> _Task directions_
A word-for-word copy of the lines from the one holding "Chipmunk drinking water" through the final line of the records below is the only output asked for.
START Given records
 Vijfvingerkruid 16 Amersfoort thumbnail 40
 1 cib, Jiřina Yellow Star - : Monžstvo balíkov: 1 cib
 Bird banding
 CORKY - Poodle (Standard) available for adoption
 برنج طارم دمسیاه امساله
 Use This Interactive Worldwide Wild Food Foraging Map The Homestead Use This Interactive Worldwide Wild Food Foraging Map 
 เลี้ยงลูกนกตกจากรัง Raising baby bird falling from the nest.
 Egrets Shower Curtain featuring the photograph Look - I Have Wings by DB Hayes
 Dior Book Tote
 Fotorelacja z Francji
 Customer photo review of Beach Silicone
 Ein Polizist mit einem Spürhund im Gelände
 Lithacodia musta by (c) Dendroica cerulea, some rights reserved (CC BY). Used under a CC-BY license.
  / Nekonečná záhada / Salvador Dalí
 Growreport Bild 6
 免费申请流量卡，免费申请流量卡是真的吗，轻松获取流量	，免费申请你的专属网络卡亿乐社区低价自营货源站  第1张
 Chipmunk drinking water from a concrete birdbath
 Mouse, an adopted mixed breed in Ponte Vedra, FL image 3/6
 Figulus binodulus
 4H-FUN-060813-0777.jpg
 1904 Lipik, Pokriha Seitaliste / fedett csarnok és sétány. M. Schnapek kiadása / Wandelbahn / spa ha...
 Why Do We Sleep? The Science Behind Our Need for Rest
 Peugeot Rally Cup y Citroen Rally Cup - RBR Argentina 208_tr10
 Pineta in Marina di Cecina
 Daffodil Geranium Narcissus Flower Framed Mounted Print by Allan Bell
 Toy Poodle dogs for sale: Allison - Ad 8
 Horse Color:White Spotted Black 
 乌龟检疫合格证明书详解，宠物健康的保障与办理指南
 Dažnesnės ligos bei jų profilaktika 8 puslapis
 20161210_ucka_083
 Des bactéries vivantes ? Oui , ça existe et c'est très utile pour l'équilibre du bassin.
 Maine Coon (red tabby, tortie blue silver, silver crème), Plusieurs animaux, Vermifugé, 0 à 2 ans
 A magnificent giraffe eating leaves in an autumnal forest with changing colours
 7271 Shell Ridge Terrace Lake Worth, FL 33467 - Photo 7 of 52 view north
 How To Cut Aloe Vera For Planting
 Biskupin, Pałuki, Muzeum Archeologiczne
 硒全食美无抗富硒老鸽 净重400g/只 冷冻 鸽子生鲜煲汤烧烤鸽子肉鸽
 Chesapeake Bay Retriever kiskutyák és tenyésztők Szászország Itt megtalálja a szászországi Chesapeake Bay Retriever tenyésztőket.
END Given records
> _Solution to this exercise_
 Chipmunk drinking water from a concrete birdbath
 Mouse, an adopted mixed breed in Ponte Vedra, FL image 3/6
 Figulus binodulus
 4H-FUN-060813-0777.jpg
 1904 Lipik, Pokriha Seitaliste / fedett csarnok és sétány. M. Schnapek kiadása / Wandelbahn / spa ha...
 Why Do We Sleep? The Science Behind Our Need for Rest
 Peugeot Rally Cup y Citroen Rally Cup - RBR Argentina 208_tr10
 Pineta in Marina di Cecina
 Daffodil Geranium Narcissus Flower Framed Mounted Print by Allan Bell
 Toy Poodle dogs for sale: Allison - Ad 8
 Horse Color:White Spotted Black 
 乌龟检疫合格证明书详解，宠物健康的保障与办理指南
 Dažnesnės ligos bei jų profilaktika 8 puslapis
 20161210_ucka_083
 Des bactéries vivantes ? Oui , ça existe et c'est très utile pour l'équilibre du bassin.
 Maine Coon (red tabby, tortie blue silver, silver crème), Plusieurs animaux, Vermifugé, 0 à 2 ans
 A magnificent giraffe eating leaves in an autumnal forest with changing colours
 7271 Shell Ridge Terrace Lake Worth, FL 33467 - Photo 7 of 52 view north
 How To Cut Aloe Vera For Planting
 Biskupin, Pałuki, Muzeum Archeologiczne
 硒全食美无抗富硒老鸽 净重400g/只 冷冻 鸽子生鲜煲汤烧烤鸽子肉鸽
 Chesapeake Bay Retriever kiskutyák és tenyésztők Szászország Itt megtalálja a szászországi Chesapeake Bay Retriever tenyésztőket.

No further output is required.